What you need to do: Only the lines containing the string "Black" are needed; copy all of them from the listing.

::::::::::

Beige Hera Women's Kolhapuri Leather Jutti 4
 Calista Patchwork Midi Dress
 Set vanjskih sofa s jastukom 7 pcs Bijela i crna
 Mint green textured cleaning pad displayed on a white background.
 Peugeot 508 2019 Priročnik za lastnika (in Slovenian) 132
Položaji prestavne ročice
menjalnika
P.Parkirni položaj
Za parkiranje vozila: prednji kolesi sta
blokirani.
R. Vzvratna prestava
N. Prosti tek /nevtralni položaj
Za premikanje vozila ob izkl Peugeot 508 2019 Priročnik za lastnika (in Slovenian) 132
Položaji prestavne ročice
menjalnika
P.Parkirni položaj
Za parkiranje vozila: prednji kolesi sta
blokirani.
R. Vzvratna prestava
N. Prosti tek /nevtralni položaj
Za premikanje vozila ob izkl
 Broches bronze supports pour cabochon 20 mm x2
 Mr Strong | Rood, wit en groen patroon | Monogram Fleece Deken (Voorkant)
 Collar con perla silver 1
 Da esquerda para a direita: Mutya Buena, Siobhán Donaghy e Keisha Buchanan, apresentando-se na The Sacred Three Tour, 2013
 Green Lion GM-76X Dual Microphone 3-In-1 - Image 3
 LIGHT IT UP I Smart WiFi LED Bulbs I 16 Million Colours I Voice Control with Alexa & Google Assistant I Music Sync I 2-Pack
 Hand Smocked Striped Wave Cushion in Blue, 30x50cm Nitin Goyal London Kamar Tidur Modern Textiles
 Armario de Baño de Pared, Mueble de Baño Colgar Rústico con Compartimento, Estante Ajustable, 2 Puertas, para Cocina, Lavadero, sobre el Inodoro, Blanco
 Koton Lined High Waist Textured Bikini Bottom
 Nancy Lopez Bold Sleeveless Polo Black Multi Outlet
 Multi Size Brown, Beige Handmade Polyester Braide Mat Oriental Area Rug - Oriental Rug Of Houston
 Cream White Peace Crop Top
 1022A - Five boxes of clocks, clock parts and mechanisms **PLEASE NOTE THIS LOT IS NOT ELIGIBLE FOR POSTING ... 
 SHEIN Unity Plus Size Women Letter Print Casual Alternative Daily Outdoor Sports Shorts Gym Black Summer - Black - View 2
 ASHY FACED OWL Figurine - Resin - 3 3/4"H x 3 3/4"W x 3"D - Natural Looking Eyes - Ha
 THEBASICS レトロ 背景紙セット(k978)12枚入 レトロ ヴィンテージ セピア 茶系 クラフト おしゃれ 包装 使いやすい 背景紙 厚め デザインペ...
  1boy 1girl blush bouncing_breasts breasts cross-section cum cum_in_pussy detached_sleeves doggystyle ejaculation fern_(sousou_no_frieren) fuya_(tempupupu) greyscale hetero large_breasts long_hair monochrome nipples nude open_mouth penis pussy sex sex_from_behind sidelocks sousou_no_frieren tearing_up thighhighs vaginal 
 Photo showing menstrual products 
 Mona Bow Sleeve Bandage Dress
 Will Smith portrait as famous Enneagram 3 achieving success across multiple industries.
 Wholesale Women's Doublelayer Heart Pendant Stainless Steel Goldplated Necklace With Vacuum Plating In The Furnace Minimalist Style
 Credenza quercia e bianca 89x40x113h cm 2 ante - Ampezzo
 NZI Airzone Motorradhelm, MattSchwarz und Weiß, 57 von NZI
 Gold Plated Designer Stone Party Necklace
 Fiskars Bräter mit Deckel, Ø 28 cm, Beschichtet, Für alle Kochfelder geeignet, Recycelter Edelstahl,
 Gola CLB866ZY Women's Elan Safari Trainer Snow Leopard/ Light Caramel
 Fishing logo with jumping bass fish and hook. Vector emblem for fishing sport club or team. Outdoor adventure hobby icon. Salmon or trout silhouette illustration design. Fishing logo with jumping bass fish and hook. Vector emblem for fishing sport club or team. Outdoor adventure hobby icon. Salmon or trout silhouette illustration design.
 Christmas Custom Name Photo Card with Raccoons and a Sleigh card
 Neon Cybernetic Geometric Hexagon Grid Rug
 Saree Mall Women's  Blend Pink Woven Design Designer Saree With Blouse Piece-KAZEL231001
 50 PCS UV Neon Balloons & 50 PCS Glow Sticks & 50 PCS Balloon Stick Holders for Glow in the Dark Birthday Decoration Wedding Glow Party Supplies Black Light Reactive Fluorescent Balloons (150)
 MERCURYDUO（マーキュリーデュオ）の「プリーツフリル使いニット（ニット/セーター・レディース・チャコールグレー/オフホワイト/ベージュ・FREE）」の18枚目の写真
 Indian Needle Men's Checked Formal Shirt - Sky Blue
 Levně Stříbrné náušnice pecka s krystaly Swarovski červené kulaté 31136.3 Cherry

::::::::::

Exercise response:
 Nancy Lopez Bold Sleeveless Polo Black Multi Outlet
 SHEIN Unity Plus Size Women Letter Print Casual Alternative Daily Outdoor Sports Shorts Gym Black Summer - Black - View 2
 50 PCS UV Neon Balloons & 50 PCS Glow Sticks & 50 PCS Balloon Stick Holders for Glow in the Dark Birthday Decoration Wedding Glow Party Supplies Black Light Reactive Fluorescent Balloons (150)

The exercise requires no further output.